Experts see the gas field agreement as political progress between the two countries, but they caution that it may still be subject to setbacks.

Issues remain

“I wouldn’t see it as permanent progress,” said Adam Segal, senior fellow for China studies at the Council on Foreign Relations in New York. "There are still such larger structural issues, the biggest one being that we just haven’t had China and Japan be strong at the same time in the modern era.”

Segal said the economic benefit from the agreement is likely to be “pretty minor” due to the small size of the field. China was motivated to strike some preliminary deal to signify improving relations before the Olympic Games in August, he said, but the principles of settling the bilateral boundary and other key issues remain unresolved.

“Both sides are suspicious of each other’s militaries,” said Segal. “They’re suspicious of their larger strategic interests. Right now, economic relations are good, but I do think that it would not be surprising if some unprepared for and unexpected incident could make relations go south much more quickly than either side would want.”

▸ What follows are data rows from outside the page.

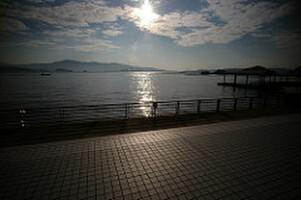 江田島のおすすめ観光ガイド！人気スポットや食事・宿泊情報もあり！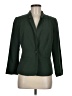 Kensie Green Blazer Size M - photo 1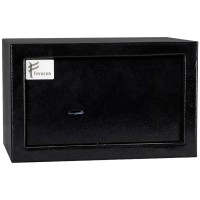 Меблевий сейф Ferocon ЕС-20К.9005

Philip Andrews-Speed, a China energy expert at University of Dundee in Edinburgh, Scotland, said the political step could be “highly significant” in the long term because China and Japan have shown so much resistance to cooperating in the East China Sea.

But he added that “a lot more work needs to be done to define the nature of cooperation in this joint development zone.”

Many more steps are needed if the two countries are to follow the pattern for developing disputed areas under the United Nations Law of the Sea convention, Andrews-Speed said.

These include a treaty for setting up a joint development zone, establishing a joint development authority and defining flows of investment, oil and taxes. None of those steps appear to have started, he said.

Andrews-Speed agreed that the progress is still tenuous, in part because historic resentments have been fueled in the past by the Chinese government.

“We’ve seen this in recent years before in China and in Japan. If either one side does something bad or the two countries try to cooperate with each other, then people get out on the street,” Andrews-Speed said.

“Sadly, you can only blame the government, because they’re the ones who have kept up this rhetoric for the past 50 years."

Although policy is changing, Beijing has done relatively little over a short period to prepare the public for a turnaround in relations with Japan, said Andrews-Speed.

“You could say that it’s done exactly the reverse by saying no, no, no, all the way, until one day it suddenly says yes. So, I think the Chinese government has a lot of explaining to do to their people,” he said.